The media’s obsession over the 3.1 percent increase in wages is an insult to American workers, most of whom never recovered from the recession.

Republicans are hoping to convince voters to keep them in power on Tuesday, citing the 3.7 percent unemployment rate and the year-over-year wage increase in the latest jobs report as evidence that their economic agenda is working. But these numbers fail to account for the fact that the unemployment rate is only so low because most Americans have to work more than one job just to meet basic needs. And when accounting for rising costs of living, the wage increase is actually just 0.4 percent.

Inflation-adjusted change in wages (data by Bureau of Labor Statistics, chart by Mother Jones)

For the vast majority of working people across America, the recession never really ended. In 2009, at the height of the recession, median American household income was $56,180/year. When adjusting for inflation, that would amount to $65,557 in today’s dollars. However, median household income as of late 2017 was just over $59,000, according to U.S. Census figures. Earlier this year, inflation hit a six-year high, essentially wiping out the small increase workers saw in their wages.

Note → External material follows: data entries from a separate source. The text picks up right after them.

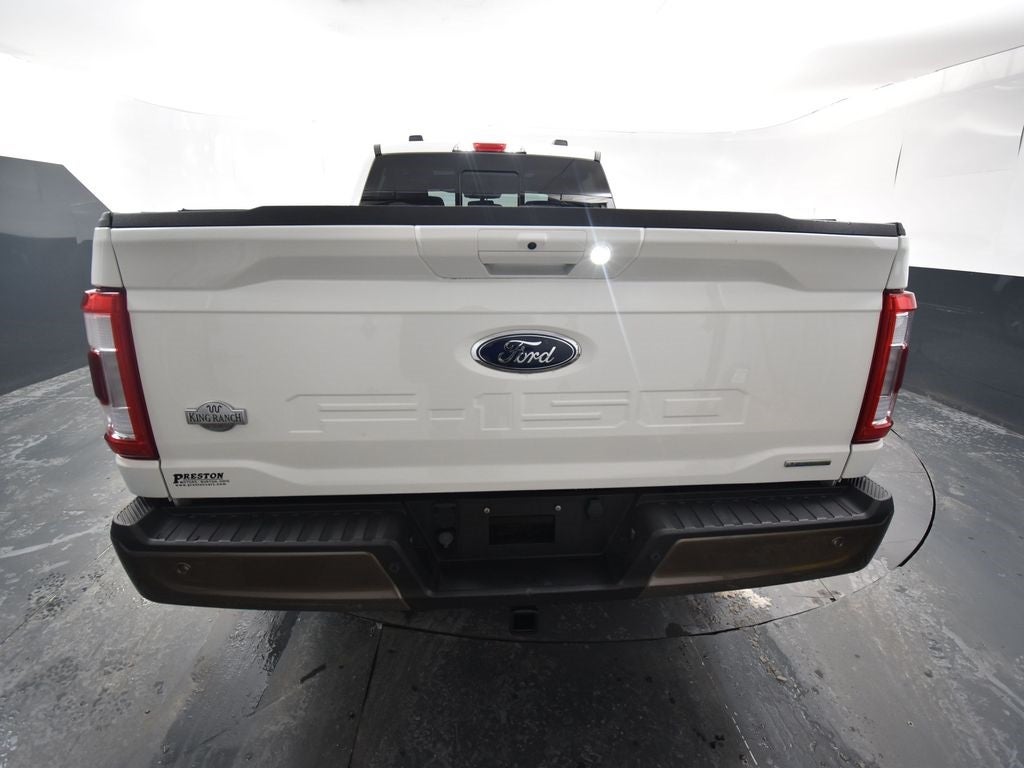 2021 Ford F-150 King Ranch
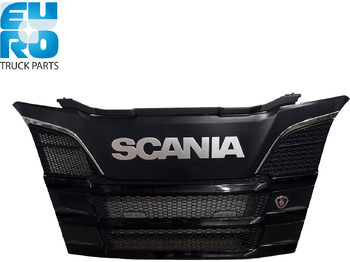 Решітка радіатора SCANIA R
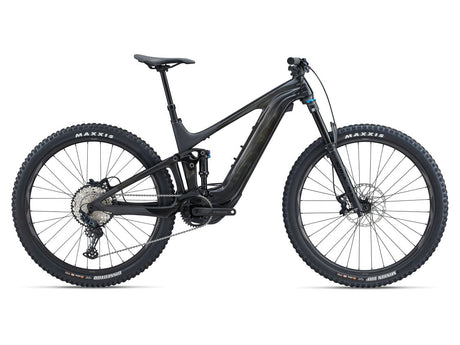 Trance X Advanced E+ 2 - Carbon Smoke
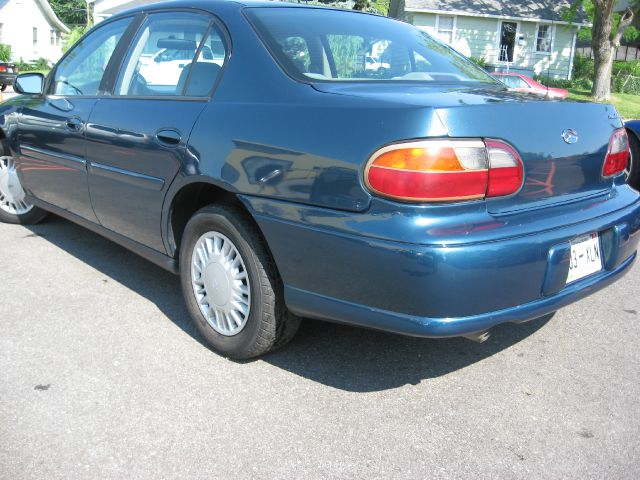 Chevrolet Malibu 2003 photo 25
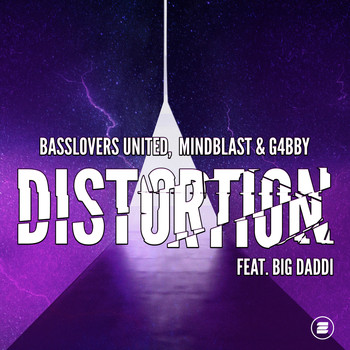 Basslovers United, Mindblast & G4bby feat. Big Daddi - Distortion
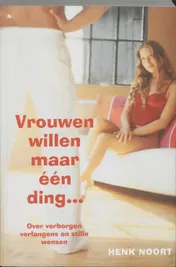 Omslag van Vrouwen willen maar een ding ...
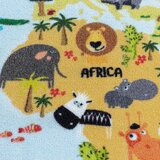 XXXL Otroška Preproga Play 2917, Večbarvno, Ca. 100x150cm | Shoptok.si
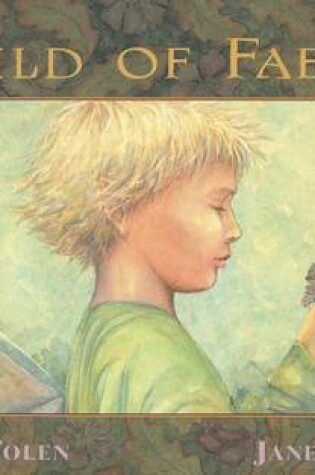 Cover of Child of Faerie, Child of Earth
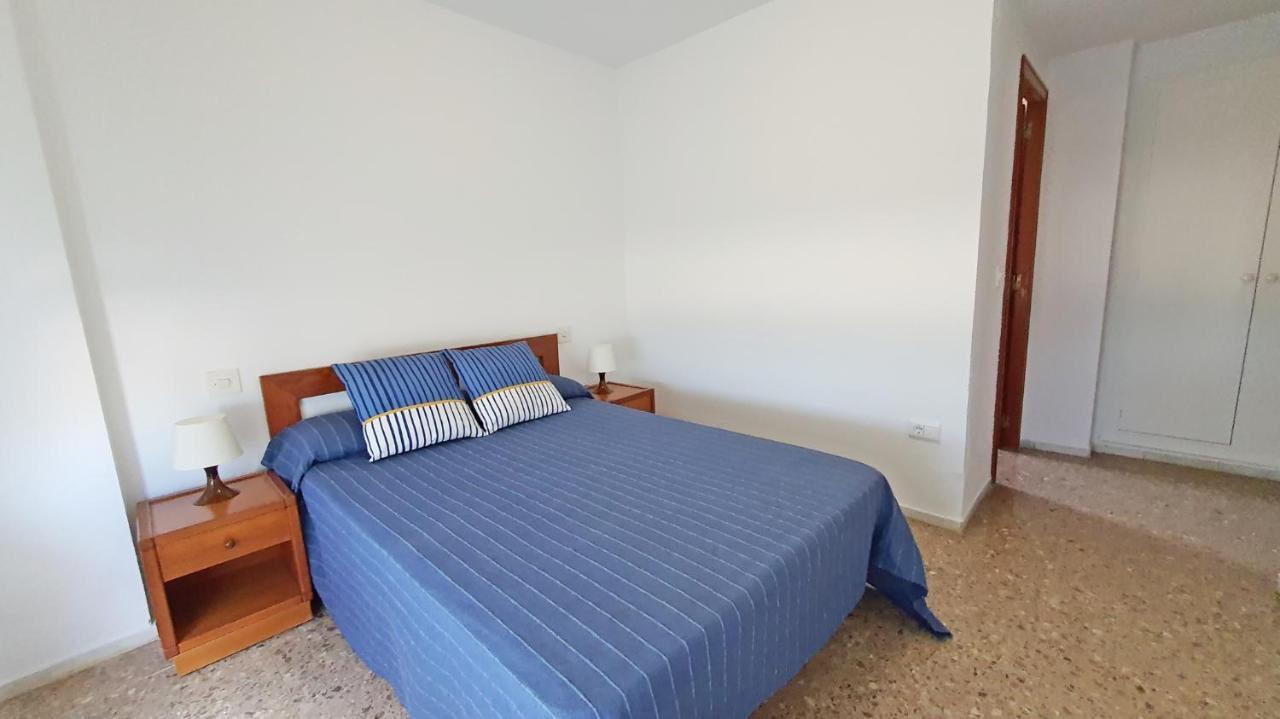 Aquarium Playa De Gandia - Apartment Exterior foto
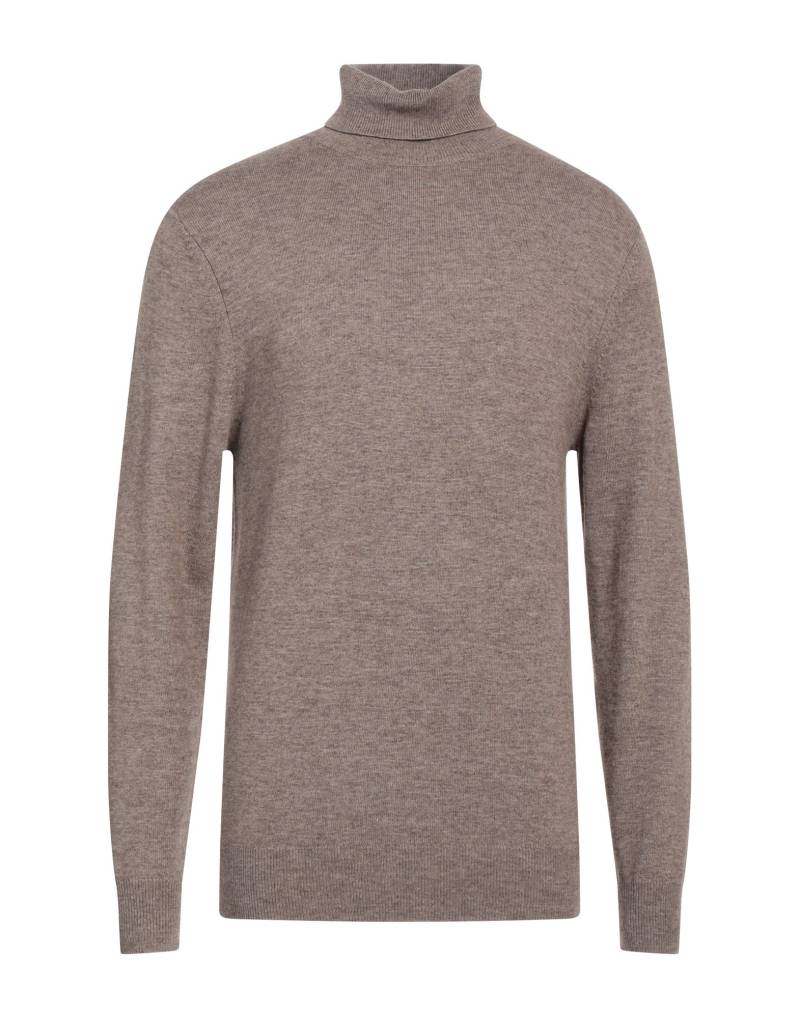 HUSKY Rollkragenpullover Herren Maulwurfsgrau von HUSKY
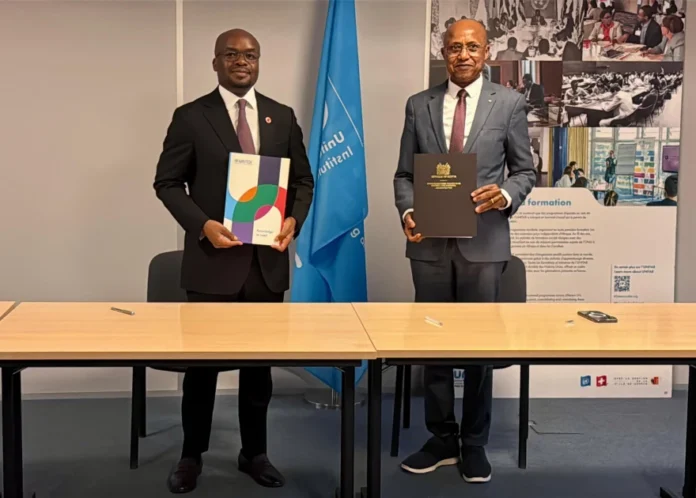 Kenya signs a three-year MoU with UNITAR to strengthen training, research, and institutional capacity across internal security and public administration agencies.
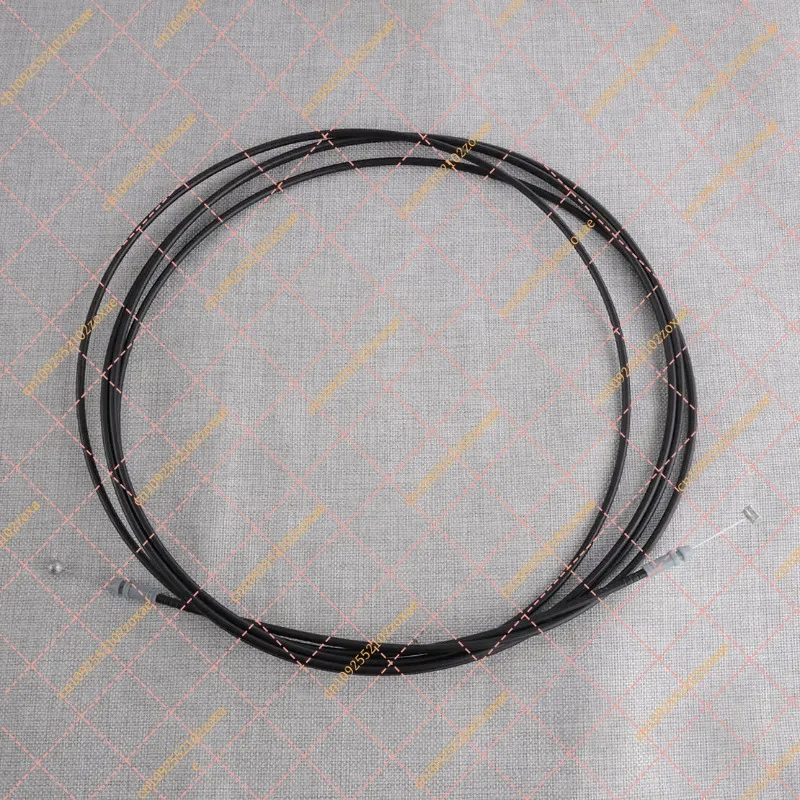Trunk Lid Lock Release Cable Fit For Corolla 09 10 11 12 13 64607-12870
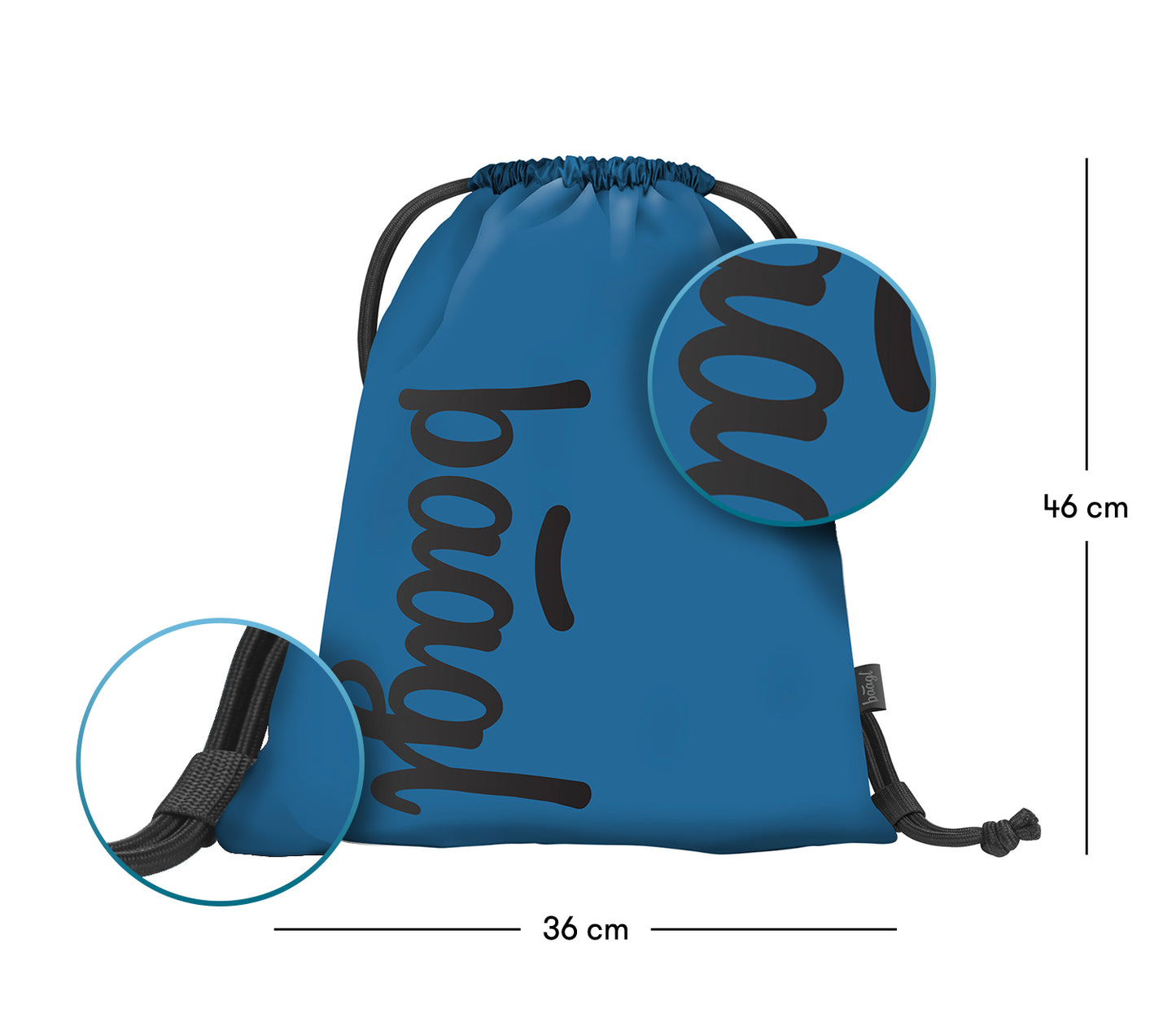 Worek Ocean Blue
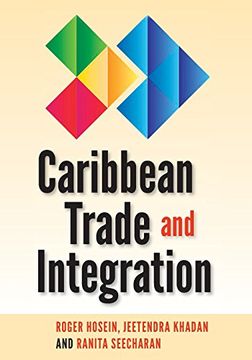 portada Caribbean Trade and Integration (en Inglés)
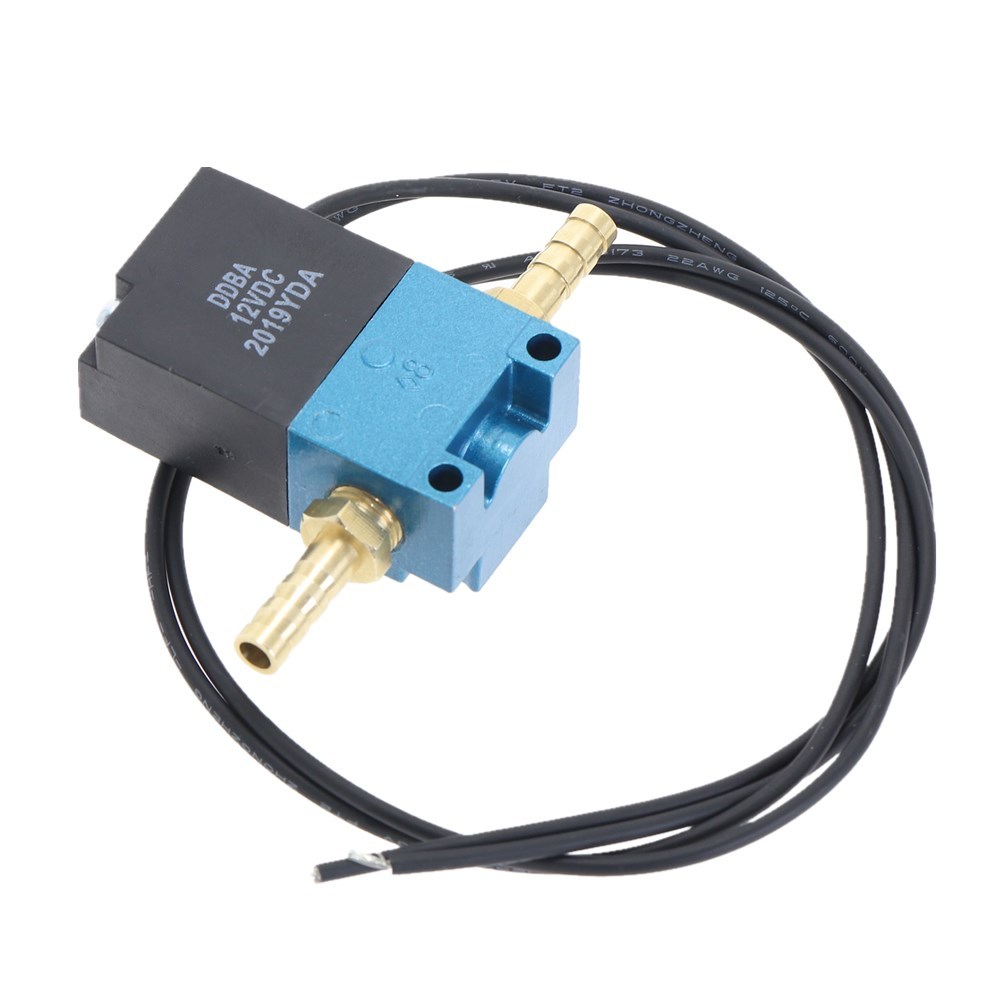 MAC 3 Portlu Elektronik Boost  - Electronic Boost Control Solenoid Valve 3 Port incelemesi ve fiyatı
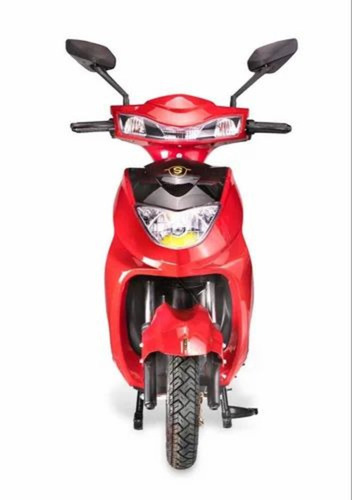 Sa1000 Red Electric Scooter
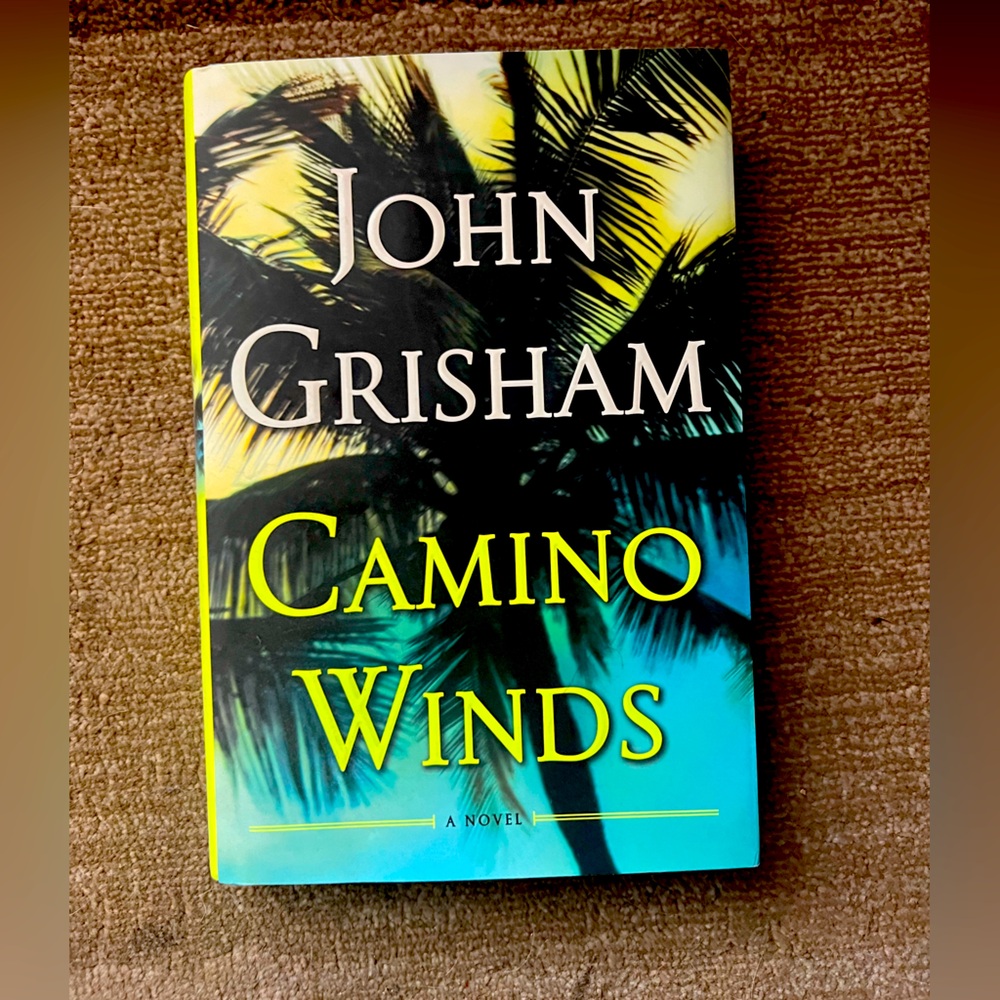 John Grisham “Camino Winds”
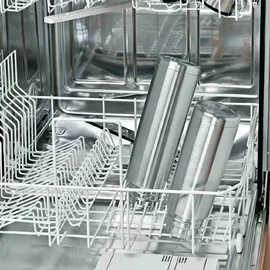 Alfi Isotherm Perfect silber 1 l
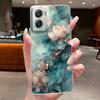 Case For Motorola Moto G06 4G/G06 Power Soft Silicone TPU Clear Shell Cool Lucky Painted Casing Dragon King Anti-scratch Cover
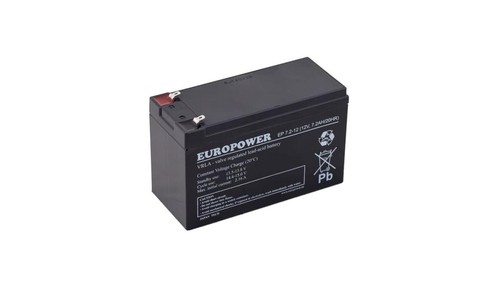 Europower akumulator 12v - europower,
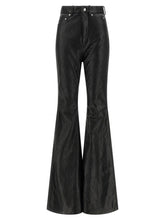 Rick Owens Bolan Bootcut Pants Black  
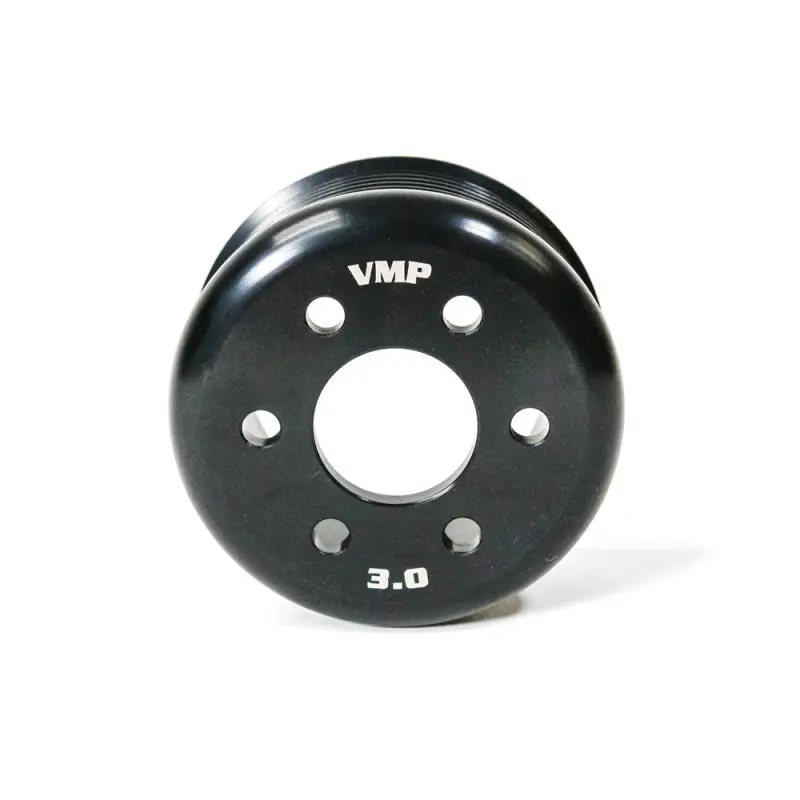 Vmp Performance Tvs Supercharger 3.0In 8-Rib Pulley For Odin/Predator Front-Feed 1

And of course, the stagnation of everyday workers’ wages has been a decades-long trend. In 1977, for example, median income was $13,570/year, or $55,791 in today’s dollars. This means that over a 40-year period, wages remained relatively flat. So where has all the money gone from the last 40 years of economic growth? The answer is obvious to anyone paying attention.

While workers’ wages have been flat for the last four decades, the wealthiest one percent of Americans saw their incomes grow by 157 percent between 1979 and 2017. This is a rate of growth nearly four times higher than even the richest ten percent of Americans saw over the same time frame. By the end of 2017, CEO pay hit a new record high, with executive compensation for the top 100 companies hitting a median of $15.7 million.

A chart by the Economic Policy Institute illustrates just how lopsided gains for the top one percent have been over the last 40 years compared to everyone else:

The Trump administration and Republicans in Congress are desperately trying to tie the anemic wage growth to the recent tax bill passed at the end of 2017, which was overwhelmingly tilted toward corporations and the wealthy.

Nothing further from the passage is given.